We offer a variety of navigation technologies and will choose the optimum solution or solutions for your application.
The majority of our automatic guided vehicles (AGVs) use laser triangulation as the primary form of navigation. Each vehicle has one (or more) rotating laser sensors that interact with targets (reflective strips of tape) mounted along the path. The laser sensors receive the reflected signals and use that data to triangulate the vehicle’s exact position. Our navigation algorithms recalculate the vehicle position 40 times per second, keeping heading corrections small and vehicle operation smooth. Laser triangulation allows very accurate vehicle positioning with flexible, virtual guide paths that are created and changed in Layout Wizard software.
A growing number of our AGVs use natural environment as a primary or secondary form of navigation. Raw data is collected by the obstacle detection laser sensors, creating a map of the environment where the AGV will operate.

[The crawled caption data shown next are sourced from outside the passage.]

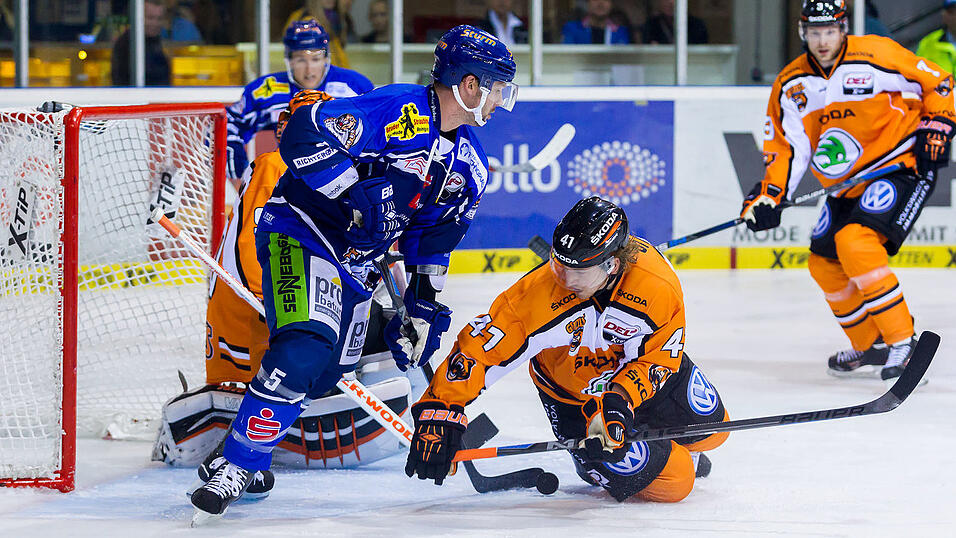 Die Tigers verlieren gegen Wolfsburg mit 2:4. Die Tigers verlieren gegen Wolfsburg mit 2:4.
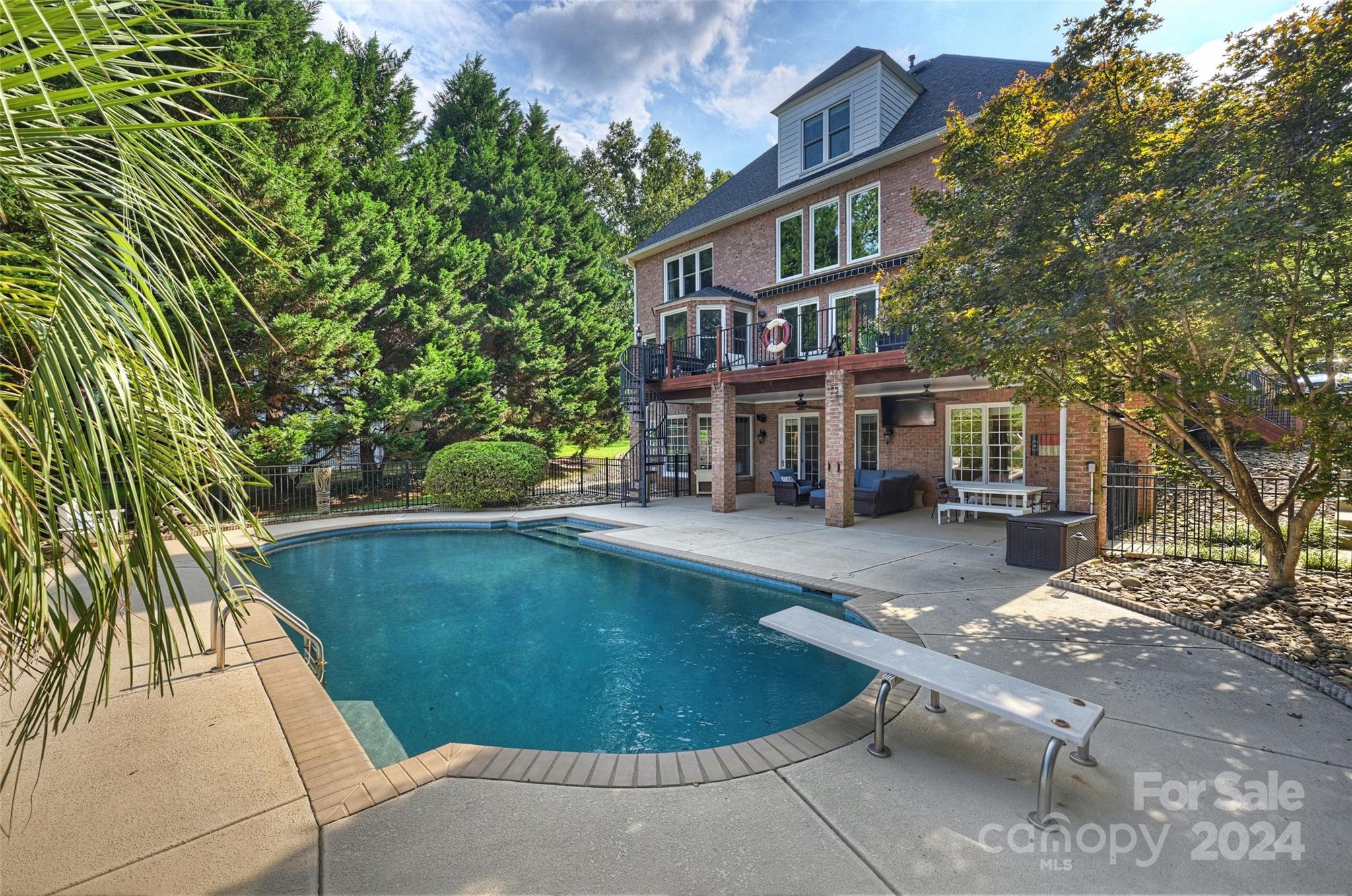 21420 Blakely Shores Drive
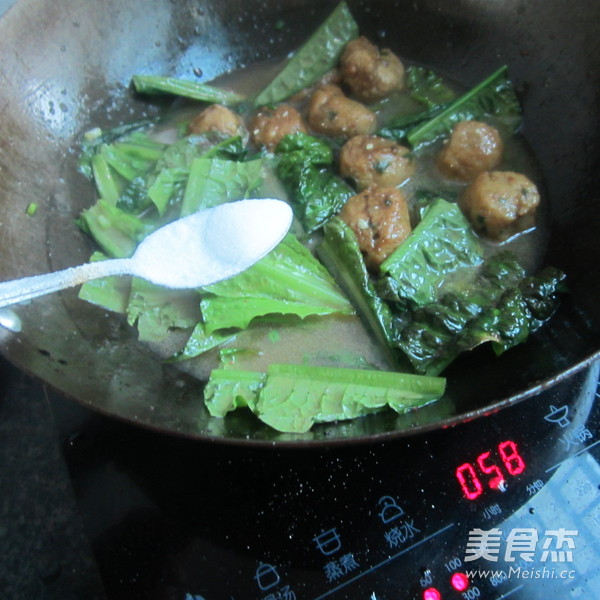Lettuce Leaf Fish Ball Soup recipe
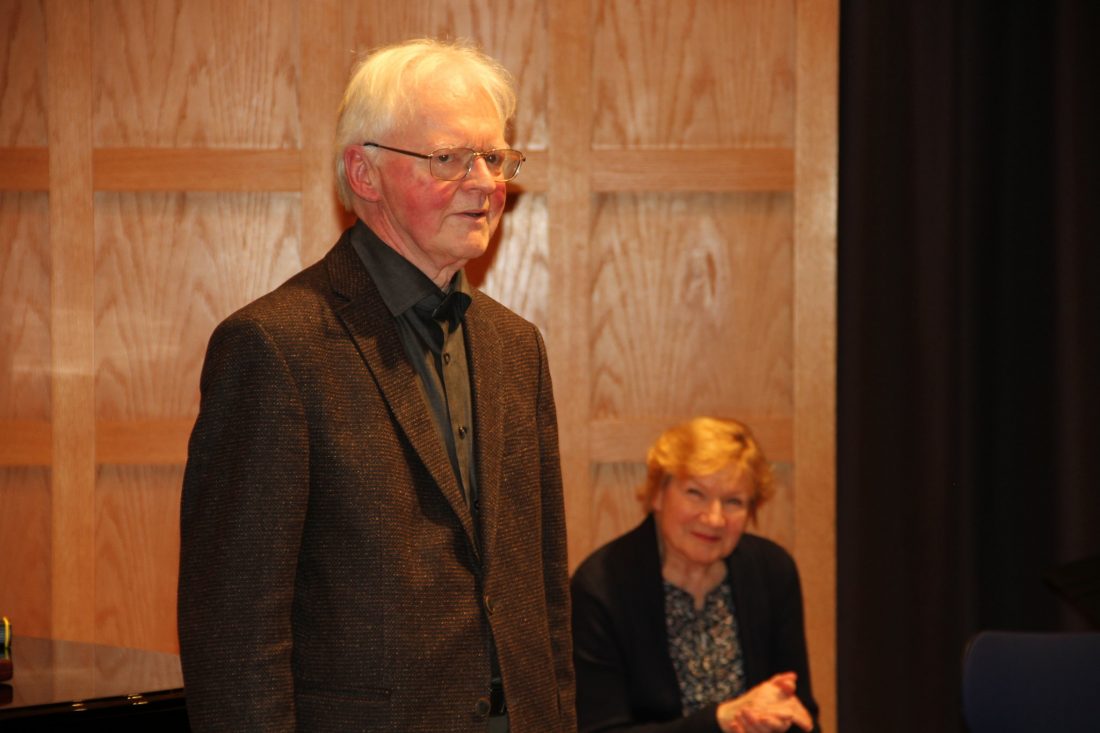 Reinhard Kaufmann mit seiner Frau bei der bewegenden Begrüßung durch den Chor am 13.12.2016 zum Abschied im Helmut Hentrich-Saal der Tonhalle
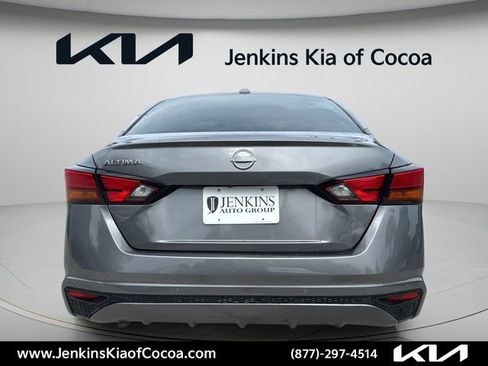 Used 2025 Nissan Altima 2.5 SV FWD image 6
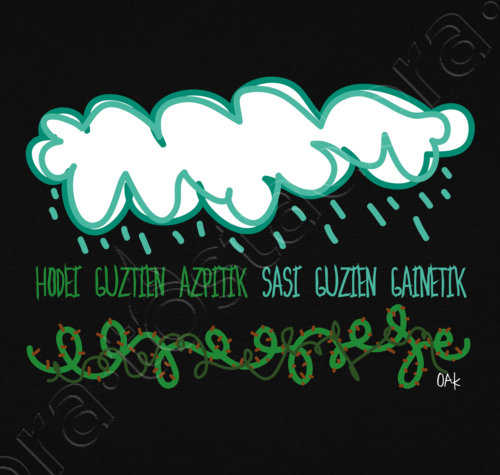 Detalle de camiseta con el logo "Hodei guztien azpitik, sasi guztien gainetik", de OAK Tixertak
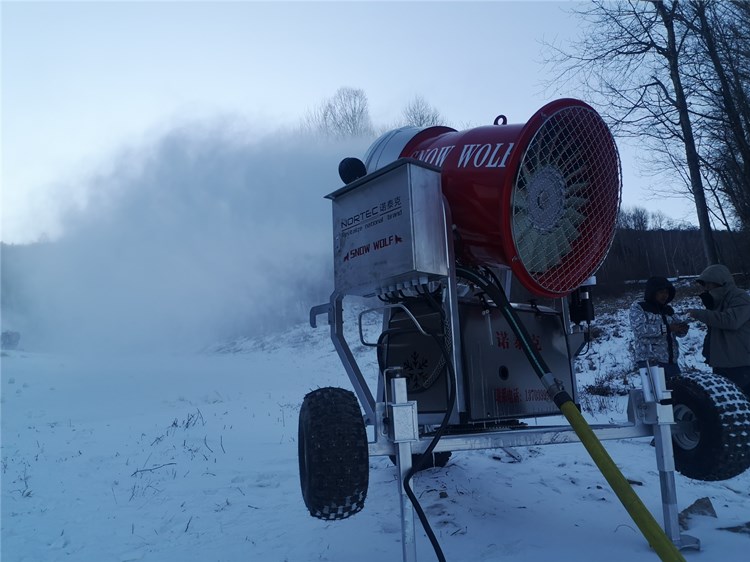 造雪機(jī)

Any temporary features that are sensed in the environment can be removed from the map and the remaining features (walls, columns, equipment, etc.) are used for navigation. As the AGVs operate, navigation algorithms compare the current array of features with those stored in the baseline map. Natural environment navigation is best used in controlled environments and for specific applications such as deep lane storage, trailer loading, and product staging.
When laser triangulation or natural environment navigation cannot be used, inertial guidance offers an alternative. A high precision gyroscope provides feedback on vehicle heading and a series of small magnets are sealed into holes drilled in the floor. A sensor detects the position of each magnet as the vehicle passes over it and the vehicle corrects to stay properly positioned over the magnets. Magnets are typically spaced a few meters apart all along the guide path.
Occasionally found in special applications but frequently in older legacy installations, wire guidance was a primary form of vehicle guidance in AGVs before 2000. An antenna mounted under the vehicle tracks a wire which is embedded in the floor. The wire must be installed along the entire road system and must be moved and reinstalled when introducing path changes.
Used in specialty applications, optical guidance uses sensors which follow multi-colored tape that is applied to the floor.
Similar to inertial without the gyroscope heading sensor. A series of magnets installed in the floor along the path provide feedback to the AGV. Without the heading gyroscope, the magnets typically have to be spaced more frequently. Spot navigation is typically a supplemental navigation used in combination with other forms for small sections of the system where the primary form of navigation is not available.
Similar to wire guidance, except magnetic tape is adhered to the floor to define the guide path. The vehicle follows the contour of the tape using an antenna. Path changes are introduced by removing and reinstalling the tape.